Hockey Edmonton went to City Council today in a campaign to keep Oliver and Tipton arenas open. The organization wants to work with City of Edmonton administration to explore various operating models, ranging from paying a few more dollars per hour of ice to stepping up with an offer to operate the arenas. Hockey Edmonton says the absolute last option is to close them.
“In addition to Tipton and Oliver, the City is set to shutter Coronation Arena in addition to closing Callingwood for maintenance,” Hockey Edmonton General Manager Steve Hogle told City Council. “That would be a loss of 5 sheets of ice for most of next season, 3 in perpetuity. Our rinks run at near capacity and we - and others - have already shrunk programs. It would be a crippling blow for us and other arena users.”
The proposed arena closures were put forth as part of the cost cutting measures to get to a 0% tax rate increase in a revamped budget. Hockey Edmonton countered with a unique proposal to go so far as to take over operations of the arenas. “We want to step up to help our kids as well as the other people who use the rinks. We would like to sit down with city administration, crunch numbers and find a way for us to keep these rinks open without placing any extra burden on the taxpayer. In addition to a slightly higher hourly rate, users may also have to take turns taking less desirable ice slots.”
Hockey Edmonton does have some familiarity with the arena business. Two hockey clubs - Canadian Athletic Club and KC Hockey - currently run their own arenas. Hockey Edmonton also has staff and volunteers who work very closely with city administration on ice allocation.
Hockey Edmonton has historically played a key role with City Administration looking after all arena users. When a rink has gone down in the past, Hockey Edmonton would cover its own teams with slots at other rinks but it would also ensures other sport groups had sufficient ice time to get through the closure. “Hockey Edmonton leads because we have the expertise, but we lead for everyone’s benefit,” added Hogle.

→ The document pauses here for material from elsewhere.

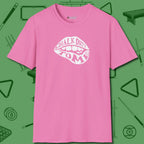 Chalk Dirty to Me T-Shirt, front view, in Azalea because you don’t just play — you represent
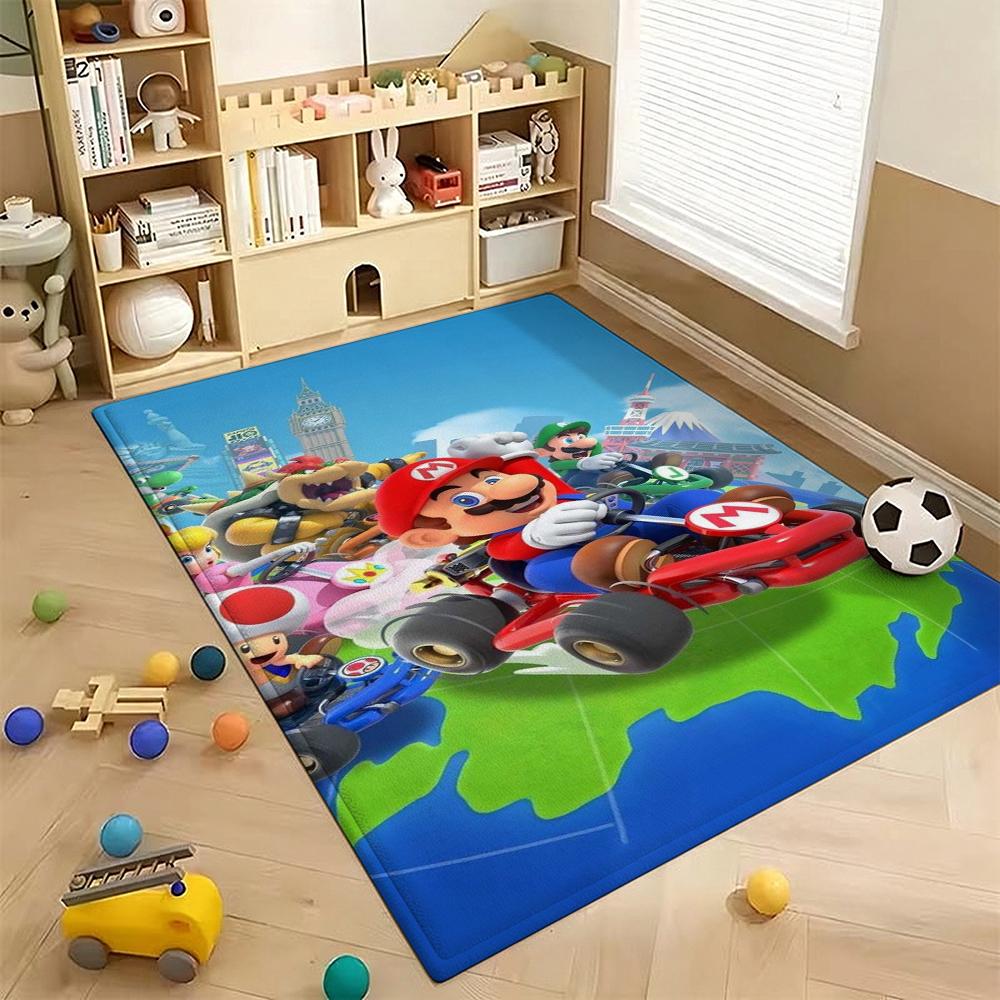 Mario Kart World Tour Theme Rug Allseason Carpet For Living Room Bedroom Office Home Decor Great Holiday Gift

Hockey Edmonton also spoke to the value of the Community Investment Operating Grants, which have been used by a dozen organizations within Hockey Edmonton to help less fortunate children, from recreational players up to elite athletes.
City Council will first complete its public hearings before beginning debate on the budget.
Hockey Edmonton has about 600 teams with thousands of players, coaches, volunteers and parents at every level. The organization purchases about four million dollars worth of City of Edmonton facility time every year.